Task requirements:
Transcribe, starting at the line with "Dr. Martin's |" and ending at the line with "HKliving Jax couch: element", every line of the material below exactly, but leave out the pictures and anything outside that span.

-- Data to use follows --

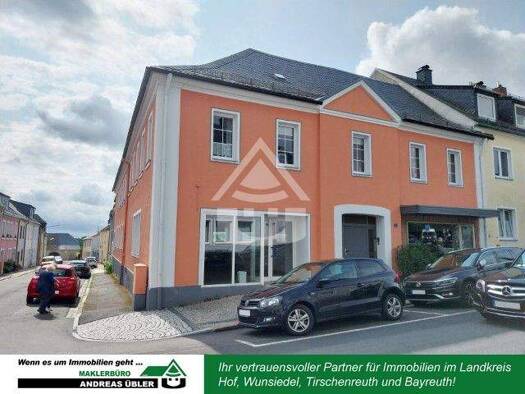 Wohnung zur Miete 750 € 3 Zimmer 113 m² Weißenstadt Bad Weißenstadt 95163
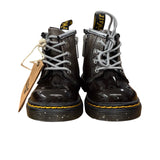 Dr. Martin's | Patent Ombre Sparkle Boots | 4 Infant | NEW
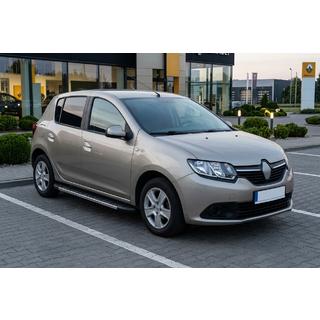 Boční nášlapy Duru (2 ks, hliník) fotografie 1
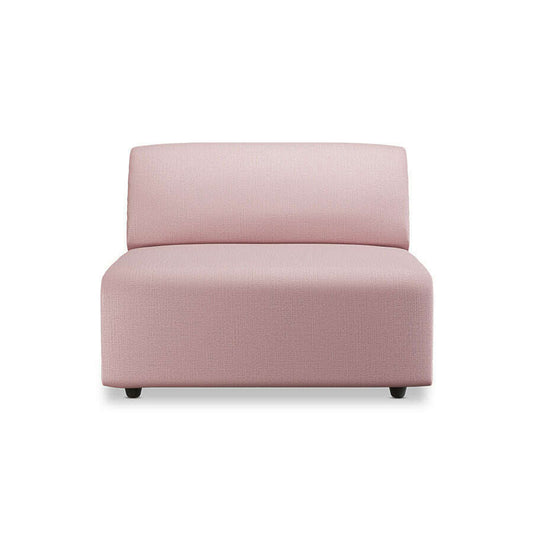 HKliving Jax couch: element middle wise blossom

-- Data to use concluded --
-- Data to use follows --

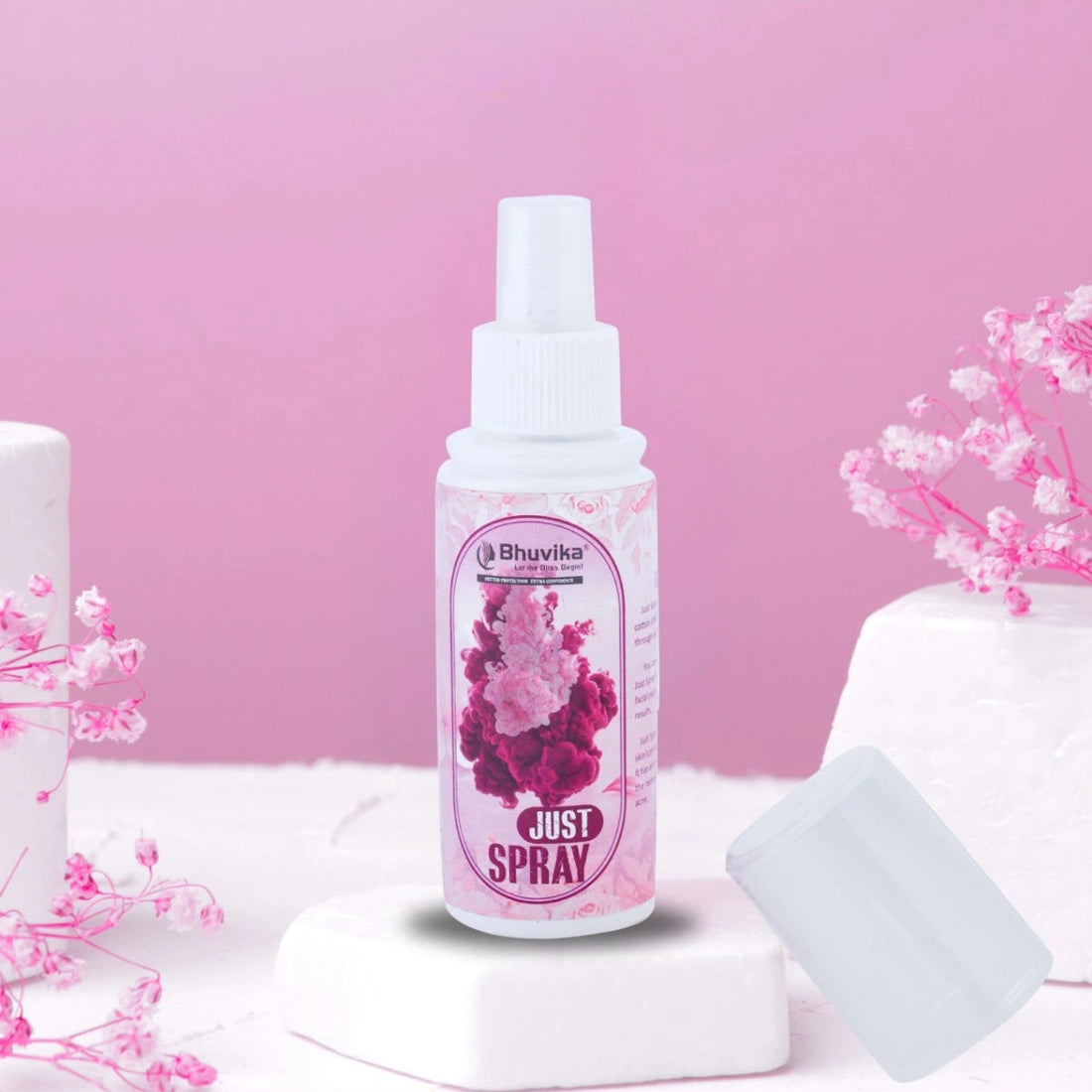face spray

-- Data to use concluded --

Answer box:
 Dr. Martin's | Patent Ombre Sparkle Boots | 4 Infant | NEW
 Boční nášlapy Duru (2 ks, hliník) fotografie 1
 HKliving Jax couch: element middle wise blossom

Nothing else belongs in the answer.